## What needs to be done
Each of the entries beneath this task should be written out exactly.

## Data excerpts
____
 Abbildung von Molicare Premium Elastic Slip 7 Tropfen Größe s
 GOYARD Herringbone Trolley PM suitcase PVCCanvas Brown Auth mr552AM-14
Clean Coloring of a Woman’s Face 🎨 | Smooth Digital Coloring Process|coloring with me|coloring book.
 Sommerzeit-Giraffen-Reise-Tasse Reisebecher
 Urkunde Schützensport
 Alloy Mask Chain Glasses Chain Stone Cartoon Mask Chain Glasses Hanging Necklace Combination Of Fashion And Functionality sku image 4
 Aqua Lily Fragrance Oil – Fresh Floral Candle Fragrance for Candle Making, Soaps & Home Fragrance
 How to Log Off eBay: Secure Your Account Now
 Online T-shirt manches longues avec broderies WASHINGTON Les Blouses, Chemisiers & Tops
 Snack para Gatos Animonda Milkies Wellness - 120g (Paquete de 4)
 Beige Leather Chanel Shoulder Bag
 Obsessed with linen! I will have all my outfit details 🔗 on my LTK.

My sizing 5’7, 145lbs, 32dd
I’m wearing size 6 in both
____
## Result below
 Abbildung von Molicare Premium Elastic Slip 7 Tropfen Größe s
 GOYARD Herringbone Trolley PM suitcase PVCCanvas Brown Auth mr552AM-14
Clean Coloring of a Woman’s Face 🎨 | Smooth Digital Coloring Process|coloring with me|coloring book.
 Sommerzeit-Giraffen-Reise-Tasse Reisebecher
 Urkunde Schützensport
 Alloy Mask Chain Glasses Chain Stone Cartoon Mask Chain Glasses Hanging Necklace Combination Of Fashion And Functionality sku image 4
 Aqua Lily Fragrance Oil – Fresh Floral Candle Fragrance for Candle Making, Soaps & Home Fragrance
 How to Log Off eBay: Secure Your Account Now
 Online T-shirt manches longues avec broderies WASHINGTON Les Blouses, Chemisiers & Tops
 Snack para Gatos Animonda Milkies Wellness - 120g (Paquete de 4)
 Beige Leather Chanel Shoulder Bag
 Obsessed with linen! I will have all my outfit details 🔗 on my LTK.

My sizing 5’7, 145lbs, 32dd
I’m wearing size 6 in both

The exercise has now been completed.